Snowy: Snowy is a beautiful red eyed white Mini Rex. She is very dainty, and is a huge LOVER. She wants pets and she wants them now. She practically begs LOVE ME. She melts into your hand and loves being kissed on the face. I predict she will be giving kisses back very soon. She is very scared to be picked up though, but settles in to you once you have her, though she still seems a little freaked out. She will let you love her anyway though when you are holding her and still loves getting nosie kisses. She also obviously wants to come out and play. She seems like she would love to just sit with you being petted while you watch TV. She is about a year old. 
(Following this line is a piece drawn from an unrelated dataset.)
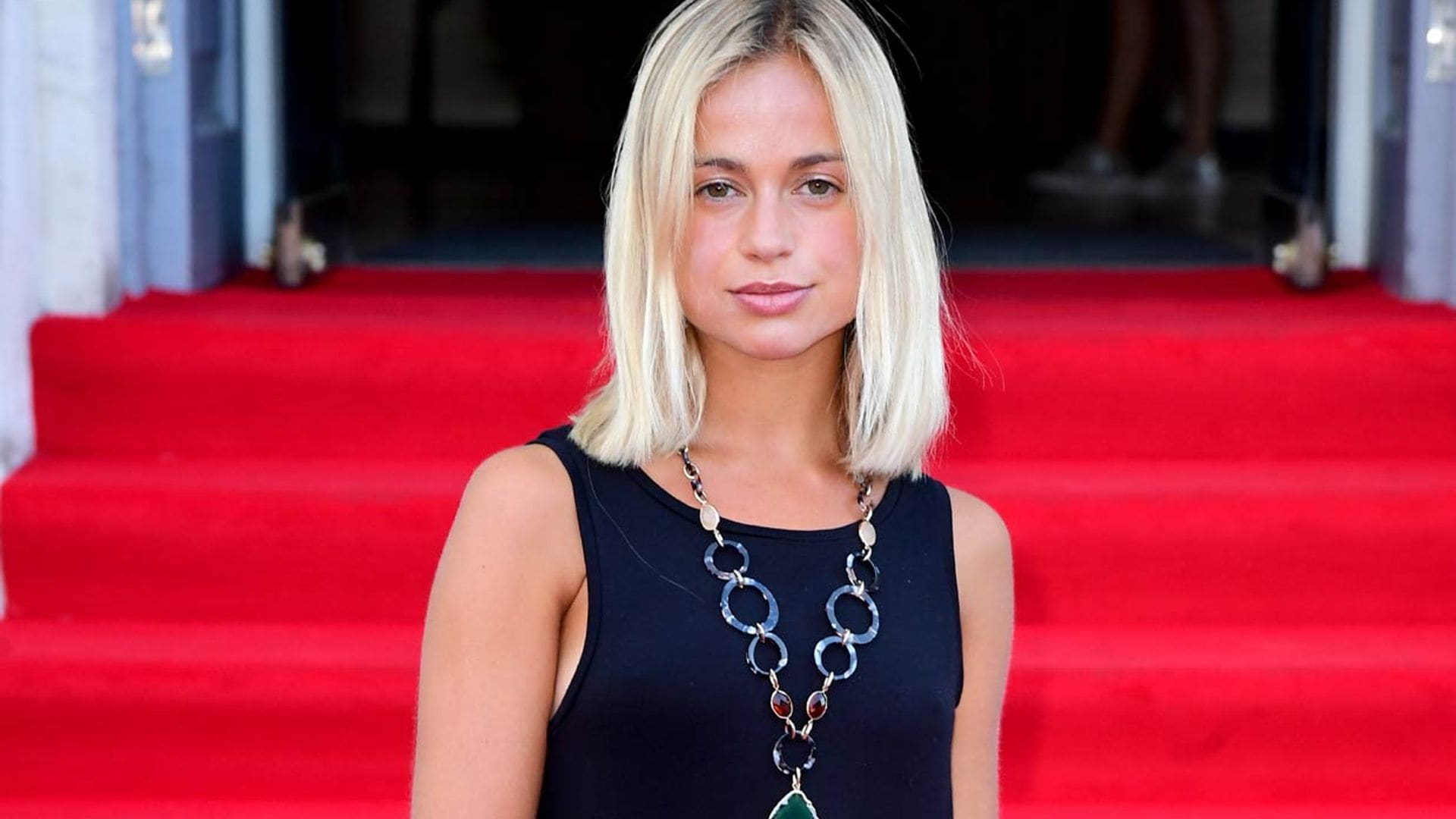 Un minivestido 'crochet' y otros looks con mensaje de Lady Amelia Windsor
Penny: Penny is a Honey colored Dutch who really needs some fattenting up. She still has a very trusting and stoic nature though, and trys to come out the door of her cage for petting as soon as you open it. She also loves apples. She really just needs someone who is going to love her and care about her. She seems like she will be a wonderful house bunny. She is about a year and a half. 

Kristi: She is a positively gorgeous broken black Rex. She has obviously has less than pleasant experiences with people and starts to breath hard when you pet her, and hyperventillates a little when you pick her up. She is very gentle however, and doesn't try to bite. She is just very nervous, and needs to be shown some extra love. Someone willing to spend some floor time with her to get to know her I am sure would unlock a wonderful Bun. Experienced bunny home would be preferable. She is 2 years and 6 months old. 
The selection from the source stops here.